--- SUPPLIED INFORMATION Enclosed Below ---
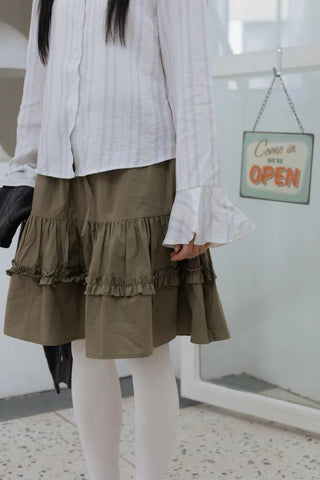 Pintuck Tiered Layered Midi Skirt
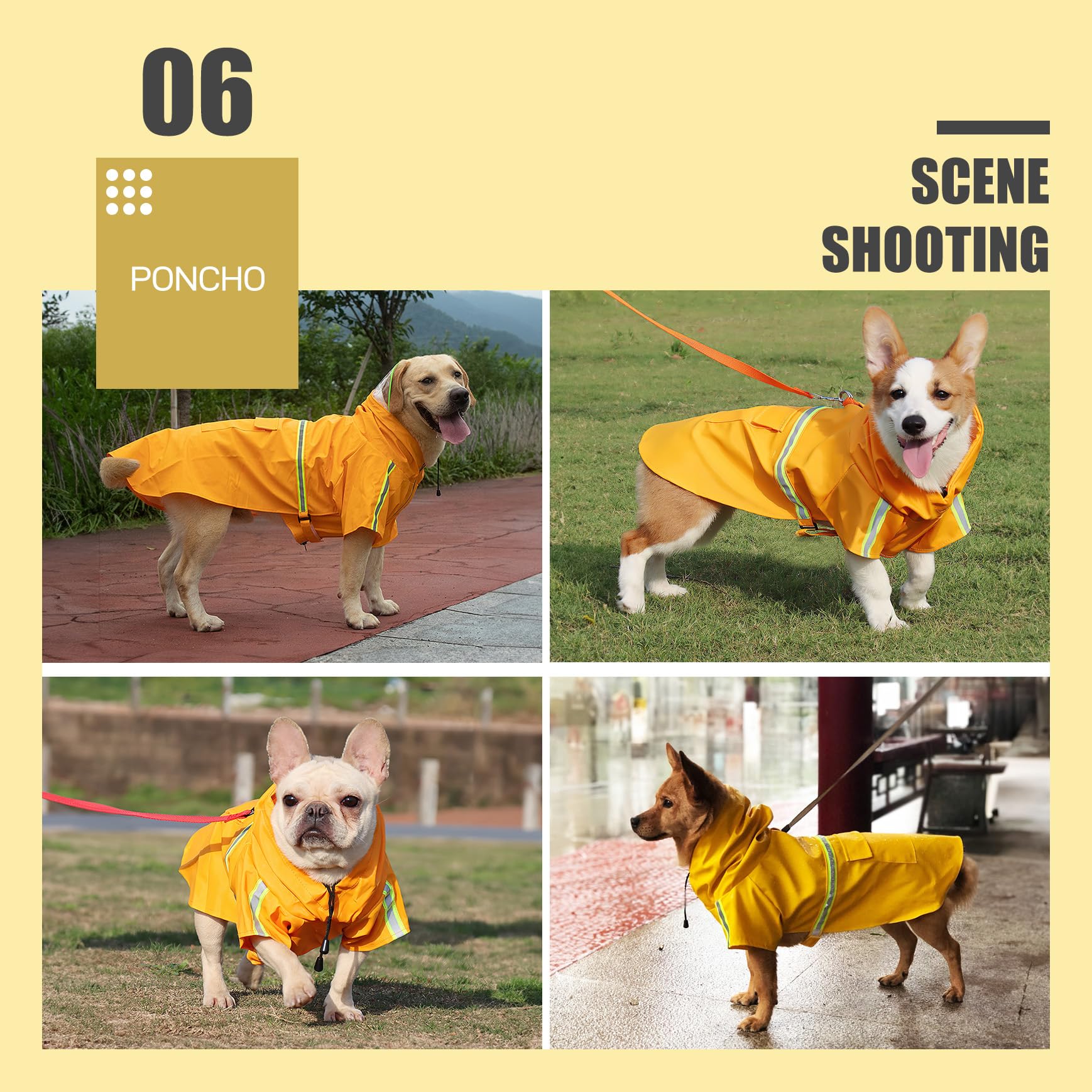Personalized Pets Waterproof and Reflective Raincoat | BKPet152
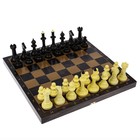 Настольная игра 3 в 1 "Черное золото": шашки, домино, шахматы (доска дерево 40х40 см) - Фото 1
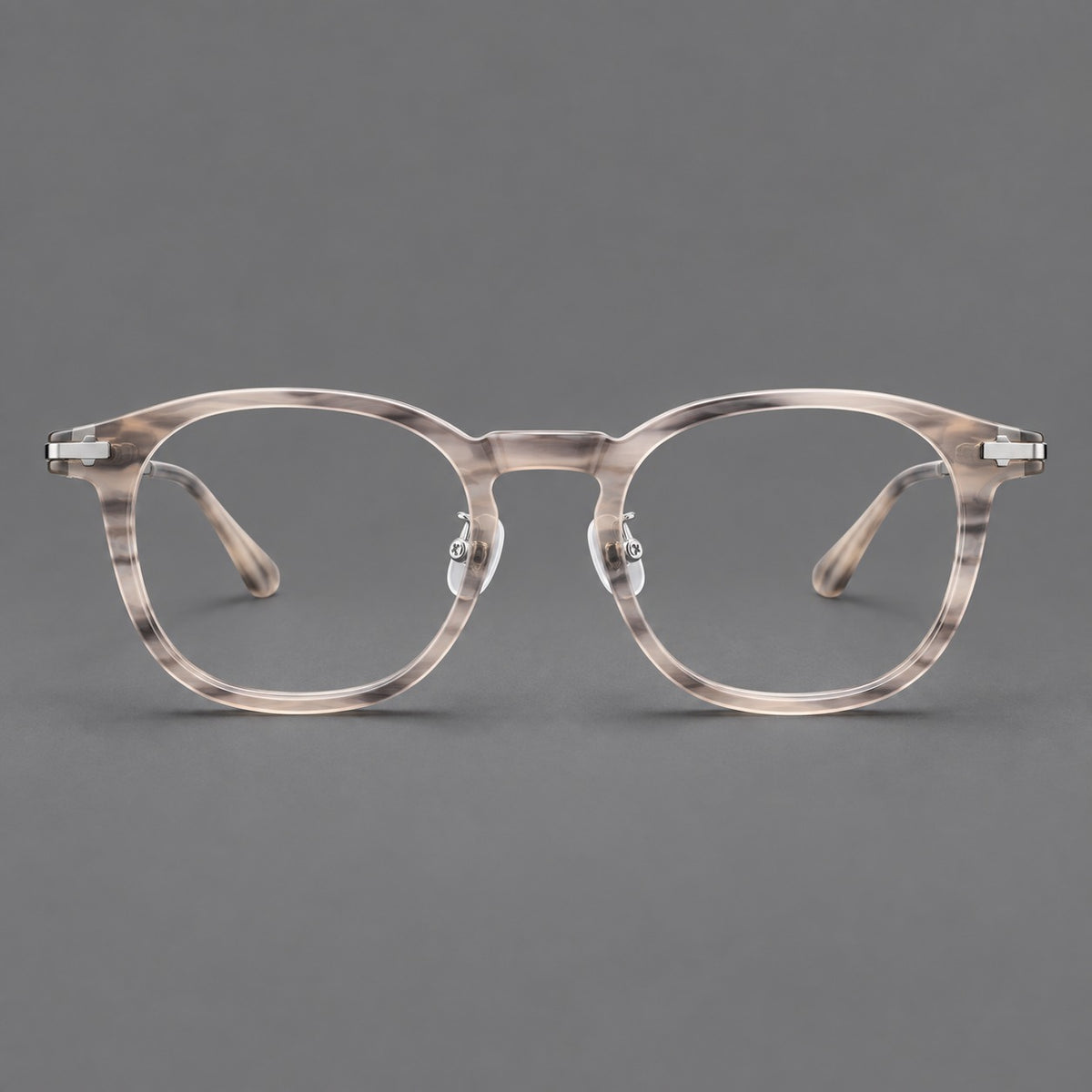 Retro acetate and titanium eyeglasses with soft square rims and sculpted metal corners — Grey Woodgrain / Silver — Front view [CINILY-JD2026-8004-C3]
--- End of Enclosed SUPPLIED INFORMATION ---
## WHAT NEEDS TO BE DONE:
Leave out the pictures, then reproduce exactly the run of lines from the one that contains "Personalized Pets Waterproof" to the final line of the listing above.

## ANSWER TO THIS EXERCISE:
Personalized Pets Waterproof and Reflective Raincoat | BKPet152
 Настольная игра 3 в 1 "Черное золото": шашки, домино, шахматы (доска дерево 40х40 см) - Фото 1
 Retro acetate and titanium eyeglasses with soft square rims and sculpted metal corners — Grey Woodgrain / Silver — Front view [CINILY-JD2026-8004-C3]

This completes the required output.